» **Your objective**
From the entries below, copy every line where the string "Adidas" appears.

» **Source material**
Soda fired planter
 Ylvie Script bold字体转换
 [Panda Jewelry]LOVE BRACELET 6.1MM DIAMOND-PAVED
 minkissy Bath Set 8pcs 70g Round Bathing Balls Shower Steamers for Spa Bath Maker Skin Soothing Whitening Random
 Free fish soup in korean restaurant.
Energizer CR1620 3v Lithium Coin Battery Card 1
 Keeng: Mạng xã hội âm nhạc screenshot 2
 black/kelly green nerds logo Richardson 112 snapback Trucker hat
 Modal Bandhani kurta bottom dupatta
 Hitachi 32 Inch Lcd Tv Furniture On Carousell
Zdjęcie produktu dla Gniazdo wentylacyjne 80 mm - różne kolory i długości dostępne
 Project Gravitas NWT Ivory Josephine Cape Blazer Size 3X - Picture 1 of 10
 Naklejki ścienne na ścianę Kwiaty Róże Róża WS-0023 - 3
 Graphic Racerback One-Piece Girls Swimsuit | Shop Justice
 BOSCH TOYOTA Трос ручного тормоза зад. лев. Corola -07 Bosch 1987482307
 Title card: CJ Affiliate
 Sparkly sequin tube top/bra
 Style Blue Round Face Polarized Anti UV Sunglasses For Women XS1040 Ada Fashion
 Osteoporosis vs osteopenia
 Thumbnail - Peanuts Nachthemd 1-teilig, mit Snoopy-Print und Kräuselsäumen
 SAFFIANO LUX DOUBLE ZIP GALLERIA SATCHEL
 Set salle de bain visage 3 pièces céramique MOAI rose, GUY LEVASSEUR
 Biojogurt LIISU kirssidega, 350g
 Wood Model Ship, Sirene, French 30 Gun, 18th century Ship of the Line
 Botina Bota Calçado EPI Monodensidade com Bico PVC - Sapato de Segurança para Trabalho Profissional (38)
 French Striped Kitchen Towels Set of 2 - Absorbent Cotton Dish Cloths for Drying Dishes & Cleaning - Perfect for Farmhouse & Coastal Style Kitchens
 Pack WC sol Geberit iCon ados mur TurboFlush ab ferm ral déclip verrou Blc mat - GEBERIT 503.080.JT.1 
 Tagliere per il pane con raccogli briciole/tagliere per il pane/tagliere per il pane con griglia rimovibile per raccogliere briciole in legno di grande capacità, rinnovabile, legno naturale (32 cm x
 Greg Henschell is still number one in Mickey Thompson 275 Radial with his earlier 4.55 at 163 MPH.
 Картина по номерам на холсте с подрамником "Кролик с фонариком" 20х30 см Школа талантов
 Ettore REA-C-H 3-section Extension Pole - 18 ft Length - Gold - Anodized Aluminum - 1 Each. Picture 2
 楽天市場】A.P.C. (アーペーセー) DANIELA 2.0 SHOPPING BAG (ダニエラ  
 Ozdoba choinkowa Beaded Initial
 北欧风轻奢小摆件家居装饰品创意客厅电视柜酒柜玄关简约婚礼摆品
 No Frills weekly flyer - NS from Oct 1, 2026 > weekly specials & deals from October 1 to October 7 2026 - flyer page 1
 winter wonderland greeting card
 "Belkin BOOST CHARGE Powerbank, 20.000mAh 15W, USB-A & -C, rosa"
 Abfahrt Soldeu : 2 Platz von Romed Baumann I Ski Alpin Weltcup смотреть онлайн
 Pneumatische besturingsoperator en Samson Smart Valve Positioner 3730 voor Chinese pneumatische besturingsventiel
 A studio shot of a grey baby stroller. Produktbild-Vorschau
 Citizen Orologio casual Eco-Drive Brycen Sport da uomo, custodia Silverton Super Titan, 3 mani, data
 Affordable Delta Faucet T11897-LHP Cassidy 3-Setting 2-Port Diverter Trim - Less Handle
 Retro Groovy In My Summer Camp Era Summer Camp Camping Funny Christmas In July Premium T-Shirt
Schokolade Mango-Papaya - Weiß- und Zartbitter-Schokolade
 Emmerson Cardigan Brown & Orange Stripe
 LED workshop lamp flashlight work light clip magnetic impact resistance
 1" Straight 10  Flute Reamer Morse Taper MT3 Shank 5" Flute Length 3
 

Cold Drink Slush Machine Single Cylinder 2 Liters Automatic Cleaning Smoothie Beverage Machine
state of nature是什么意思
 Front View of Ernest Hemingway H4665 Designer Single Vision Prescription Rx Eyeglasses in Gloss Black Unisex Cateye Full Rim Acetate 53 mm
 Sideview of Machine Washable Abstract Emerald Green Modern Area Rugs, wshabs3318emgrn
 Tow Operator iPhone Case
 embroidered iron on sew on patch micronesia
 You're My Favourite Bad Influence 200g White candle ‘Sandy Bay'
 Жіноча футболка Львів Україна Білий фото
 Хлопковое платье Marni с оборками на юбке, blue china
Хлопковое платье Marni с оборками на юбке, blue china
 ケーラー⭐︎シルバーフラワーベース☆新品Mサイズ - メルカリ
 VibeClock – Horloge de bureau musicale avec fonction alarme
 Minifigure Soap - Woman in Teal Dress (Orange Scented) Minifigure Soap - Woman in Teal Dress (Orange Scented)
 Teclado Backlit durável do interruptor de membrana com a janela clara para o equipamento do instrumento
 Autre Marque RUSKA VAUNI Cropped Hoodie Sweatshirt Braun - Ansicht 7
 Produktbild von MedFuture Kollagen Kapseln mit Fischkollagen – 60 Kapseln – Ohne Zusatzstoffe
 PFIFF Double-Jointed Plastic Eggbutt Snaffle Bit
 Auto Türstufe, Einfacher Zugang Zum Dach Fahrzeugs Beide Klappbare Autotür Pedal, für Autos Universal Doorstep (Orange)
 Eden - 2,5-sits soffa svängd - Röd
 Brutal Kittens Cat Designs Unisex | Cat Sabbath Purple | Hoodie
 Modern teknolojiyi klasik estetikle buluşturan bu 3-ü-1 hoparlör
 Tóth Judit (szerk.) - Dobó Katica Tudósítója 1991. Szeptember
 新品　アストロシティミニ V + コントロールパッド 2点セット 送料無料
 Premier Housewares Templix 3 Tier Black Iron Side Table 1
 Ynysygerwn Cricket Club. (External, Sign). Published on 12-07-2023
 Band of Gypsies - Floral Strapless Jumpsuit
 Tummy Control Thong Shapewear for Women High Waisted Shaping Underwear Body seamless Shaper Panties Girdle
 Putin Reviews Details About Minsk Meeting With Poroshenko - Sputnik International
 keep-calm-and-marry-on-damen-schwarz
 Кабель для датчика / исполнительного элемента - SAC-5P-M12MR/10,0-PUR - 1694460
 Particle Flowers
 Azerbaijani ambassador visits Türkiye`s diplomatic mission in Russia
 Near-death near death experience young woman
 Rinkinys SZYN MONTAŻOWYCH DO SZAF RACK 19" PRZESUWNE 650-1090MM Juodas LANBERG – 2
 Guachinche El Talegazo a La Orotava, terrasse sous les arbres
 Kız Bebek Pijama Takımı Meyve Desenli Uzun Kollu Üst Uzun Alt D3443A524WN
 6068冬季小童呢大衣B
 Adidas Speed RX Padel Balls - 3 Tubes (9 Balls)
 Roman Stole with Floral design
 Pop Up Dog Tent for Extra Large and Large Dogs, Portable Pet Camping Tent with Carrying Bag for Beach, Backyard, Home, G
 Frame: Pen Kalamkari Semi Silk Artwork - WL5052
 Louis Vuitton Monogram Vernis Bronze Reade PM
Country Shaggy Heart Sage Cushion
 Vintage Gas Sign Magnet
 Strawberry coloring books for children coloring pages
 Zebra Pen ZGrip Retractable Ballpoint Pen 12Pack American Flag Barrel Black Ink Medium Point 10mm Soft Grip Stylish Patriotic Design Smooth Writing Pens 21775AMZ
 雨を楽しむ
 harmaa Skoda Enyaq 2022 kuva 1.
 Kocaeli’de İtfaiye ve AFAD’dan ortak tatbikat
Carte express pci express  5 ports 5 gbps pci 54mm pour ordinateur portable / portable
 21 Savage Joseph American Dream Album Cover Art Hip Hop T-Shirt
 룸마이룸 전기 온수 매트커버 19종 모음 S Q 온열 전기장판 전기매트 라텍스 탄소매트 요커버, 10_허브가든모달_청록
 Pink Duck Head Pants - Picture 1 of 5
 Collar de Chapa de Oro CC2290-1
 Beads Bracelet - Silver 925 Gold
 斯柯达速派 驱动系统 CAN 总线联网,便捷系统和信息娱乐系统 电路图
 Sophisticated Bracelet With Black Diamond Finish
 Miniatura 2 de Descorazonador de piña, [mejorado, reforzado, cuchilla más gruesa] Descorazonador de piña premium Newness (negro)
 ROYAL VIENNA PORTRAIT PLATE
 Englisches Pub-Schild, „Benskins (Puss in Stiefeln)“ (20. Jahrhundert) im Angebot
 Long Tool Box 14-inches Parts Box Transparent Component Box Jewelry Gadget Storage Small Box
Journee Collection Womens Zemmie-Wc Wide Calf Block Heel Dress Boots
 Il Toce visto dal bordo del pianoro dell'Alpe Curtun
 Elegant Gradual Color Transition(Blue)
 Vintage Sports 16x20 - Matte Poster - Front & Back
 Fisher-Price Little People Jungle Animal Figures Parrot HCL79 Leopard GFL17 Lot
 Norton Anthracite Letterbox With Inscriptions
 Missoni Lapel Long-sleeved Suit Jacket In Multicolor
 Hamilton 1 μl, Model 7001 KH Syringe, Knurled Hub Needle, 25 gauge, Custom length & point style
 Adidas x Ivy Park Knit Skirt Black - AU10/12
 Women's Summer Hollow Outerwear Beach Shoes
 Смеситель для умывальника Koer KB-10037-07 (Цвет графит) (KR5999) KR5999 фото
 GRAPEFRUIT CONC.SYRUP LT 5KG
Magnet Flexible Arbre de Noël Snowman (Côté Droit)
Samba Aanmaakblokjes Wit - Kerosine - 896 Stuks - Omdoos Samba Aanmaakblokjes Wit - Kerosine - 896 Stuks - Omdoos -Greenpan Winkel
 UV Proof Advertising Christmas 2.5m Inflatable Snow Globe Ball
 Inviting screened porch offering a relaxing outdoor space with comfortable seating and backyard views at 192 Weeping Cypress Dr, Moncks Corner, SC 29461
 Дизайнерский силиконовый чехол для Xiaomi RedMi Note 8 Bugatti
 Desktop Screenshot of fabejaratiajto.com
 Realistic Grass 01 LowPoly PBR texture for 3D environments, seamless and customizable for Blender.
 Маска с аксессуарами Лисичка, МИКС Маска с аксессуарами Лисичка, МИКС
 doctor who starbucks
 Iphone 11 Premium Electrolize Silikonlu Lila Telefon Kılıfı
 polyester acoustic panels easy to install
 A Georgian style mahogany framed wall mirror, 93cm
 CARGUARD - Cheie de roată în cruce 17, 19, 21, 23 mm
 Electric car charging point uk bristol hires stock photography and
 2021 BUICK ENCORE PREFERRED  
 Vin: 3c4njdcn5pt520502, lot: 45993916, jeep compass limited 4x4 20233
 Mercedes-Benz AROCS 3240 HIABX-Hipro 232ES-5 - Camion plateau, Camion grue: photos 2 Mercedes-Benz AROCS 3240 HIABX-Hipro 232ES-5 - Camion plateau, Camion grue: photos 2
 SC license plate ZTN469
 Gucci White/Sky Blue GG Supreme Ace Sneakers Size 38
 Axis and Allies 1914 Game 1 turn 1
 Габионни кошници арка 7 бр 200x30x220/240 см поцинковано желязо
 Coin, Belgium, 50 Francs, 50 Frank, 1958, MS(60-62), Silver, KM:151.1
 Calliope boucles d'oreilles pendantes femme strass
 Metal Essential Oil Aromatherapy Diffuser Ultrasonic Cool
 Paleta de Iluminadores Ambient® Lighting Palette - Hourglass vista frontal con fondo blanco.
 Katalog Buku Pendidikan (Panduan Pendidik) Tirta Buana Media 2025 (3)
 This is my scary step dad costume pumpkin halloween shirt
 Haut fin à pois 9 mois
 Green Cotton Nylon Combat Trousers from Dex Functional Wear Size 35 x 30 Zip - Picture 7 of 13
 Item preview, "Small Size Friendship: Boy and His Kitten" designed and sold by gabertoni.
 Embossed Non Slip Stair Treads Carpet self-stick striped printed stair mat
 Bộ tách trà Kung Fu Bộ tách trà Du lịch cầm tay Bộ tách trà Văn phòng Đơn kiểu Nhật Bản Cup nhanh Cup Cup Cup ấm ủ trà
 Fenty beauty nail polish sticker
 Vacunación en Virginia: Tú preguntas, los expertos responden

» **Result**
 Adidas Speed RX Padel Balls - 3 Tubes (9 Balls)
 Adidas x Ivy Park Knit Skirt Black - AU10/12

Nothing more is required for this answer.